“No. Miss Aggravater is gwine to stay here to watch the workmen. Miss Aggravater gwine indeed! Catch her at it! Wish she was, dough! She might go, ’dout any danger. Cannibals wouldn’t eat her, leastways not if dey wa’n’t uncommon hungry.”
David Lindsay said no more, but mused, as he helped to land the goods.
“Dere’s an’ arckman an’ a decorum an’ a skippin’ gardener comin’ down by de stage-coach to-morrow,” explained Laban, meaning the architect, decorator and landscape gardener engaged by Colonel de Crespigney to transfigure the dreary promontory and its prison-like buildings into a habitable home for the young heiress.

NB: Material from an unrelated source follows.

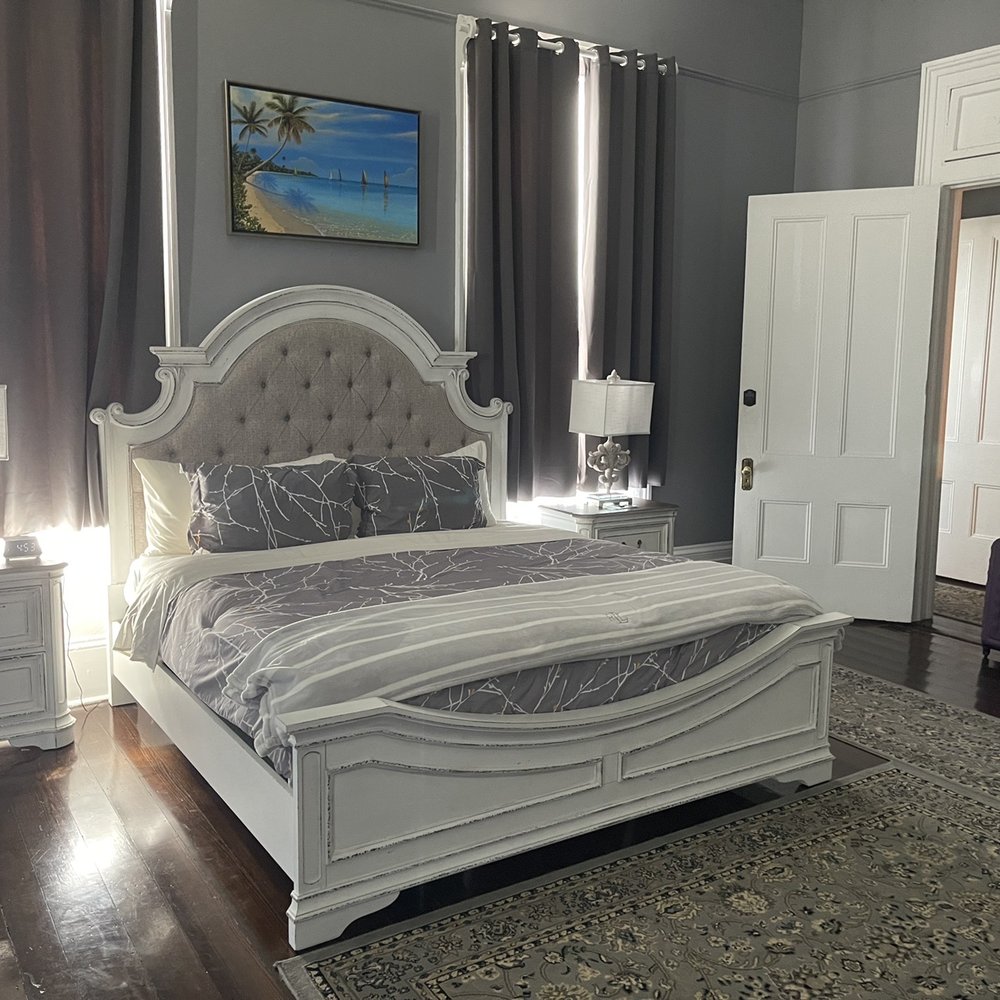 The George Manor - The White Suite is a spacious room located upstairs. Look at those high ceilings! - Bed & Breakfast Near Me - Galveston, Texas The George Manor - The White Suite is a spacious room located upstairs. Look at those high ceilings! - Bed & Breakfast Near Me - Galveston, Texas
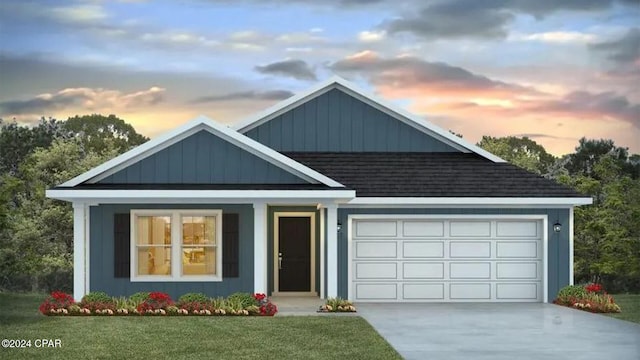 view of front of property with a garage and a yard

“And a precious deal ob money it is a gwine to cost, too, wherever it comes from, which I do ’spects it’ll be out’n Miss Glo’s own fortin’, for Marse Colonel Discrepancy hasn’t got too much to tro’ away, dat I knows.”
Laban was mistaken. He had been misled by appearances.
Marcel de Crespigney, leading his hermit life at the promontory, never receiving company and never going from home except when he went to take his ward from school, spent little money, had few wants, and lived like a very much poorer gentleman than he really was.
Hence, in the years he had spent at the promontory, the revenues from the fisheries, though not large, had been left to accumulate until they had reached a round sum, which he determined to invest in the restoration and improvement of Promontory Hall, to make his home as attractive as possible to his beautiful and beloved ward.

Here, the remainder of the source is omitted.